***** Records to process *****

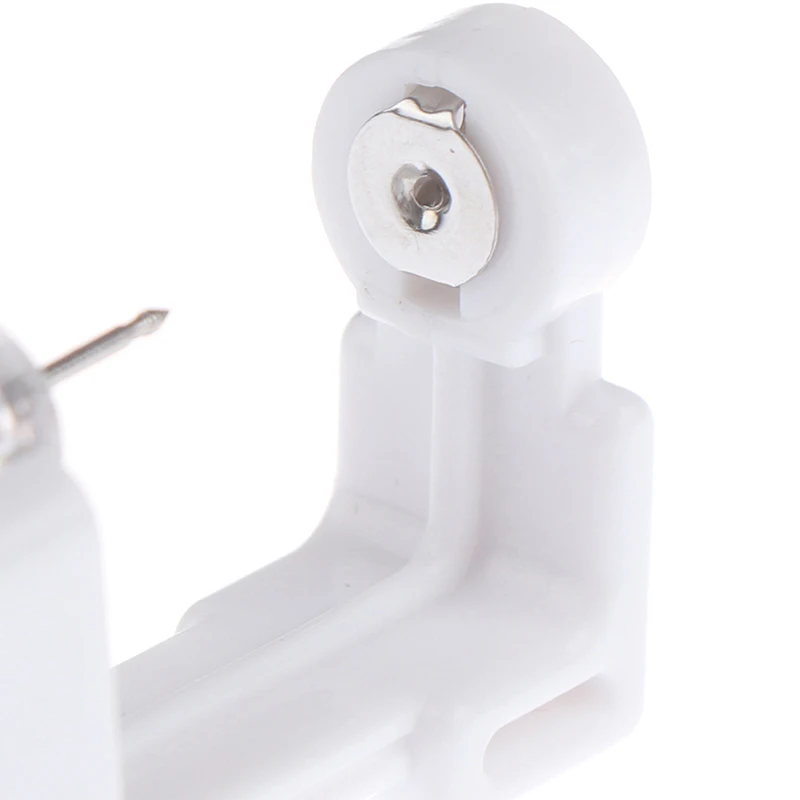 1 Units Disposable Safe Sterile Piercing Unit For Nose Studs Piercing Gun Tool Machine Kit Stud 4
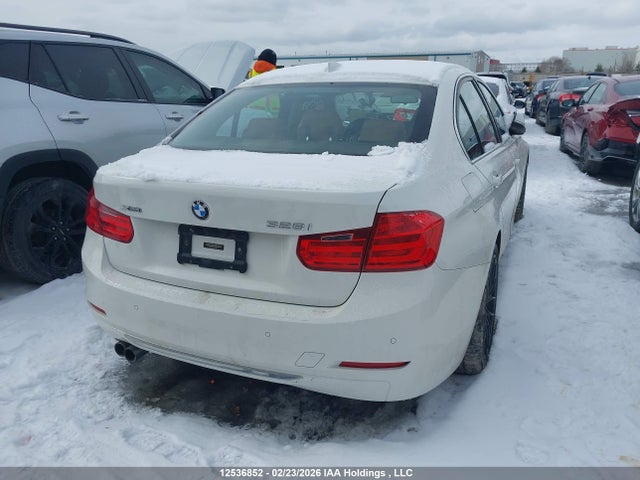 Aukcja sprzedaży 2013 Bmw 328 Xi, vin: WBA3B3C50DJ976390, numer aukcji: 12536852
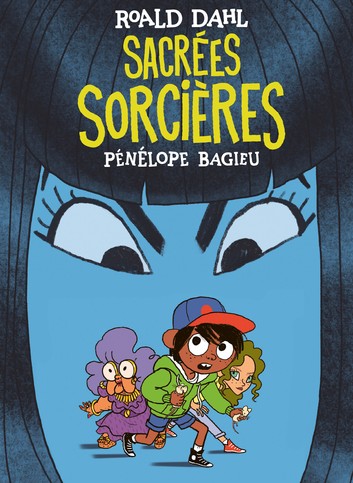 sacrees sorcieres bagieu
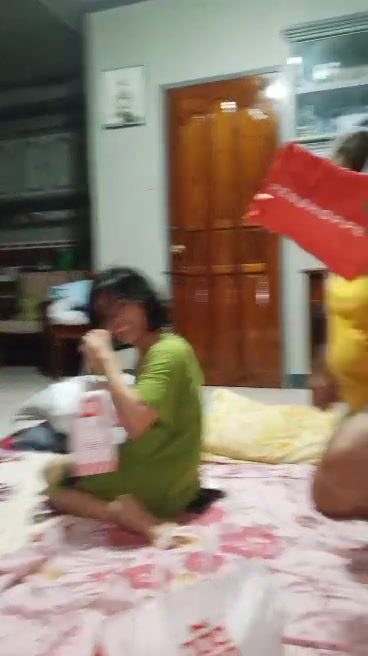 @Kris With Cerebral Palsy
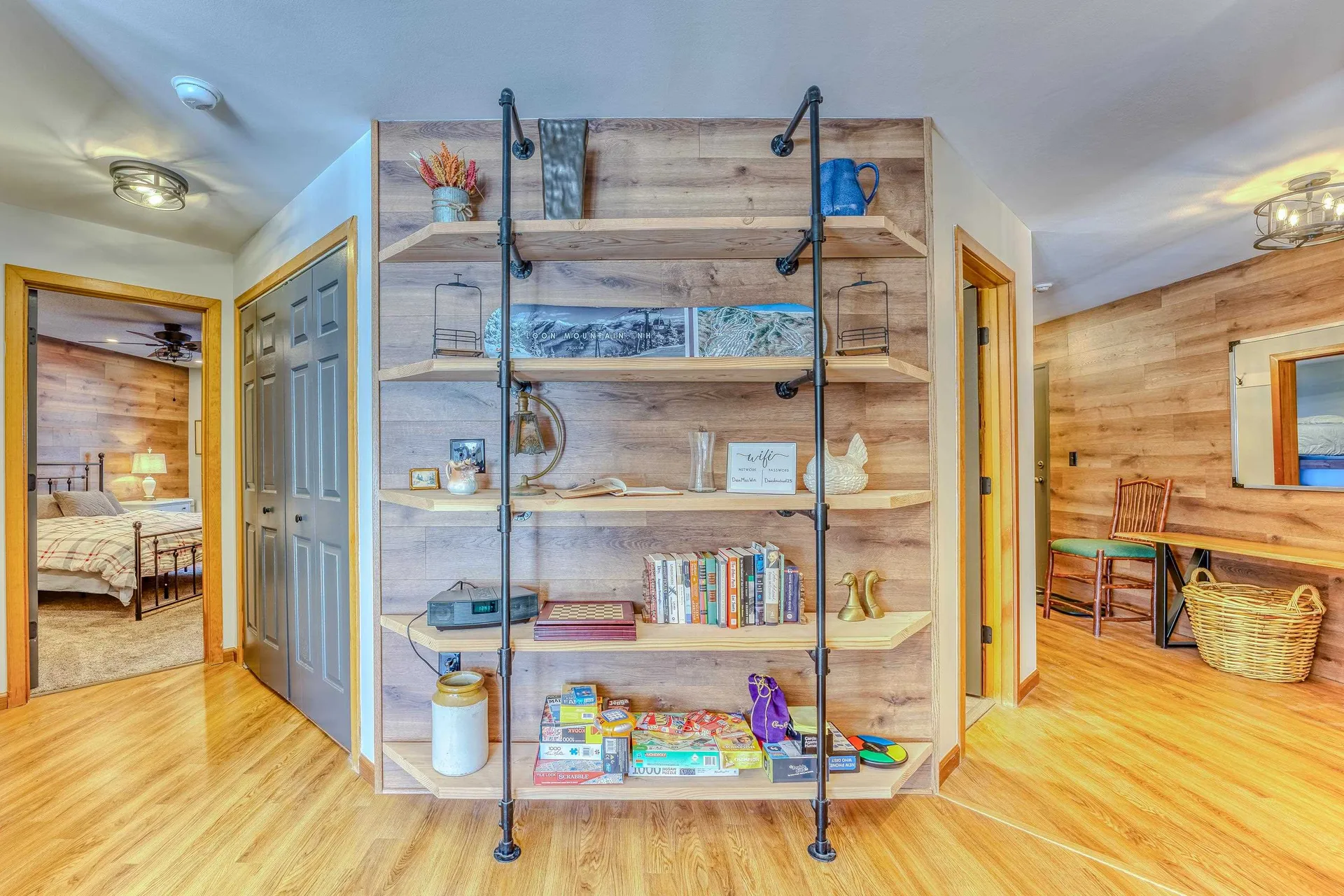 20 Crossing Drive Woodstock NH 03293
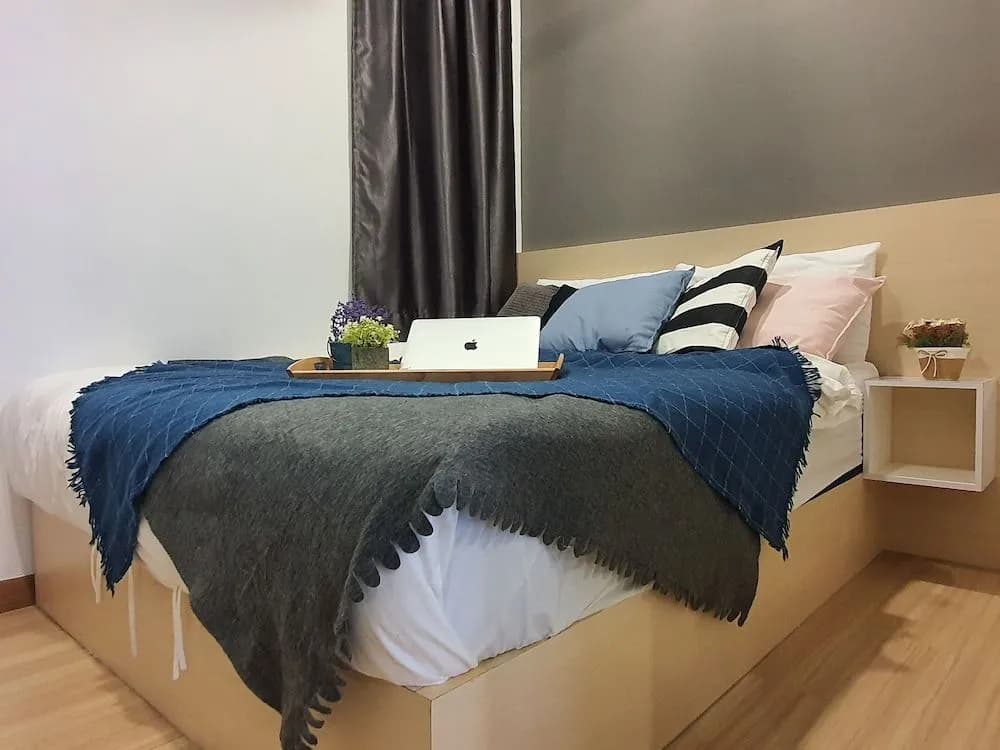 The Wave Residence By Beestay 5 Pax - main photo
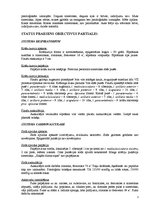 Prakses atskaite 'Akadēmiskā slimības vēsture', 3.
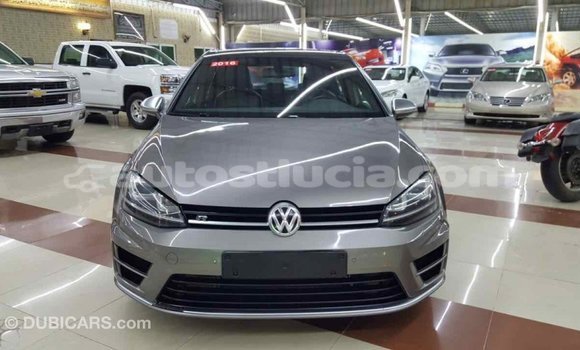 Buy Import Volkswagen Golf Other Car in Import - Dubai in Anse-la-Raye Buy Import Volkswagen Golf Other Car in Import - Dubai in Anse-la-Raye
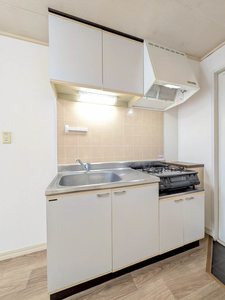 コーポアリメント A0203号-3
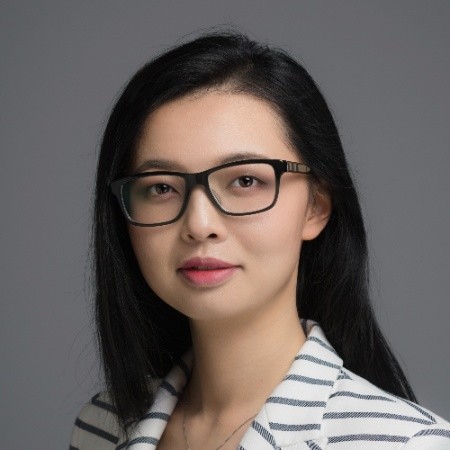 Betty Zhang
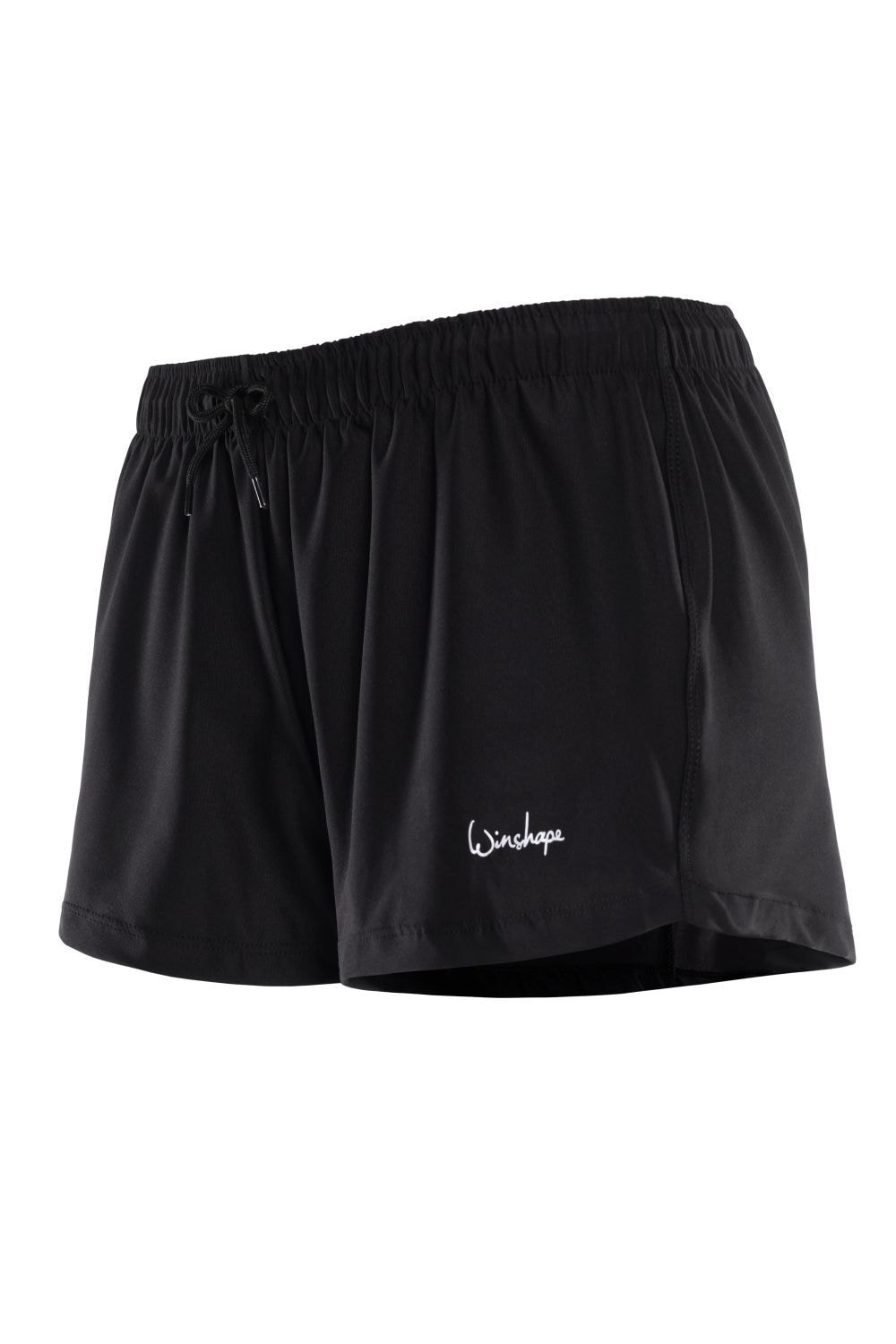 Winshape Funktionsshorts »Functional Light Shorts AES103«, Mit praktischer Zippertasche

*****

Task objective:
Keep the pictures out and write out the records exactly.

Task response:
 1 Units Disposable Safe Sterile Piercing Unit For Nose Studs Piercing Gun Tool Machine Kit Stud 4
 Aukcja sprzedaży 2013 Bmw 328 Xi, vin: WBA3B3C50DJ976390, numer aukcji: 12536852
 sacrees sorcieres bagieu
 @Kris With Cerebral Palsy
 20 Crossing Drive Woodstock NH 03293
 The Wave Residence By Beestay 5 Pax - main photo
 Prakses atskaite 'Akadēmiskā slimības vēsture', 3.
 Buy Import Volkswagen Golf Other Car in Import - Dubai in Anse-la-Raye Buy Import Volkswagen Golf Other Car in Import - Dubai in Anse-la-Raye
 コーポアリメント A0203号-3
 Betty Zhang
 Winshape Funktionsshorts »Functional Light Shorts AES103«, Mit praktischer Zippertasche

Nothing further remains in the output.